В сегодняшние времена гласности, свободы от цензуры (не полной, но вполне достаточной, чтобы браться за смелые, невозможные прежде проекты), возвращения в культуру многих прежде отсеченных от нее имен уже трудно поверить, что возможность ставить пьесы таких очевидно бесспорных авторов, как Шекспир, Сервантес, Толстой, была столь важной для художников, столь необычно новой, манящей неизведанными перспективами. Как ни кратко отделяющее нас от той поры время, многое уже успело забыться, представляется в смещенной перспективе.

Освобождение киноискусства (как и всего искусства) от шор догматического безмыслия шло медленно, мучительно трудно, о чем свидетельствует хотя бы то, что немалый ряд произведений, бывших для своего времени свежим словом («Большая семья» И. Хейфица — пример из наиболее ярких), сегодняшним поколением воспринимается как стопроцентное порождение культовской идеологии. Возможность обращения к классике знаменовала для кинематографистов обретение возможности думать, вместе с великими художниками прошлого размышлять о дне сегодняшнем.

Что касается Шекспира, то до Козинцева в этом качестве в союзники его не взял никто. С. Юткевич, снявший своего «Отелло» в 1955 г., не внес в него ничего нового по сравнению с замыслом, оформившимся 17-ю годами прежде, создал версию о полной мере «соцреалистическую»: не случайно Франсуа Трюффо уничижительно назвал ее «худшим фильмом всех времен и народов».
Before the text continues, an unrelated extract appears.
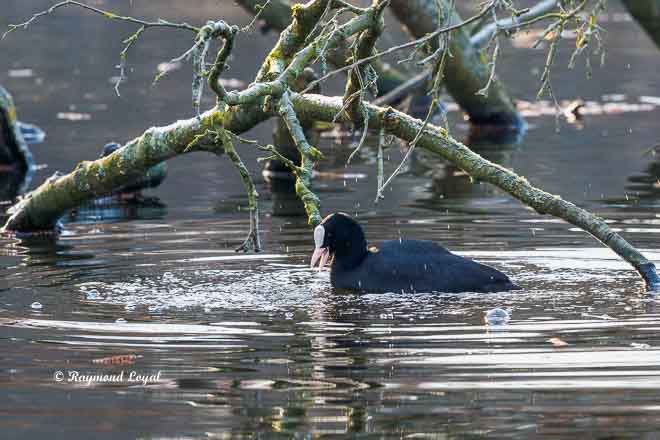 eurasian coot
Козинцеву постановки «Гамлета» пришлось дожидаться восемь лет. Трудно сказать, что именно было причиной столь долгой проволочки: то ли инерция сталинских времен, видевших в любом интеллигенте, а тем более столь богатом умом и чувствительным душой, как принц датский, скрытую угрозу режиму (само слово «Гамлет» в официальном лексиконе тех лет было ругательным: в печально знаменитом ждановском постановлении С. Эйзенштейну вменялось в вину, что Иван Грозный во второй серии его фильма изображен в виде слабовольного Гамлета), то ли, действительно, неверие в то, что советский художник может сделать фильм, не уступающий по качеству зарубежным. Примерно в таком духе высказалась Е.А. Фурцева, по должности министра культуры заведовавшая в те годы кинематографией: зачем ставить «Гамлета», лучше купить английского.

«Пробить» (слово-то какое! велик и бессмертен русский язык) «Гамлета» удалось лишь благодаря надвигавшемуся 400-летию со дня рождения Шекспира. Как бы предвидя неизбежность долгого ожидания, Козинцев еще за пять лет до выхода фильма написал в своих рабочих тетрадях: «Бывают дни каких-то святых, когда происходят исцеления. К этим датам приурочиваются прощения грехов и как бы избавления от прошлой скверны. Так происходит у нас с классиками. Их нельзя ставить вне юбилея. Это — скверна, грех. Но к дате празднования какого-то круглого числа положение изменяется. Желание ставить классика перестает быть грехом. Так они и стоят, бедные, в ожидании юбилея»5.

Когда «Гамлет» наконец-то будет сделан и как раз к юбилею Шекспира выйдет на экраны, его примут с энтузиазмом и зрители, и критики, и специалисты-Шекспироведы, и начальство, фильму присудят Ленинскую премию, исполнителя главной роли И. Смоктуновского назовут лучшим актером года, и все это в целом станет свидетельством не только собственно художественных достоинств фильма, но и того, что само общество созрело для восприятия того Гамлета, которого предложил ему режиссер. Представить себе появление такого фильма, ну, даже в 1956 г. нереально: кинематограф только вылезал из колодок, в которые был наглухо забит, учился членораздельной речи. «Начали говорить по слогам, — записал Козинцев где-то в конце 1955 г. по поводу фильмов, в которых появилось подобие (по нынешним меркам, достаточно тусклое) человеческих характеров и конфликтов. — Вот че-ло-век. Вот его дом. Че-ло-век ест кашу»6. Так что до Гамлета еще должны были дорасти и кинематограф, и общественное сознание, и, естественно, сам Козинцев. Если представить, что его «Гамлет» появился бы сразу следом за «Дон Кихотом» без восьми лет ожидания, то это был бы совсем другой «Гамлет», не тот, которого мы знаем.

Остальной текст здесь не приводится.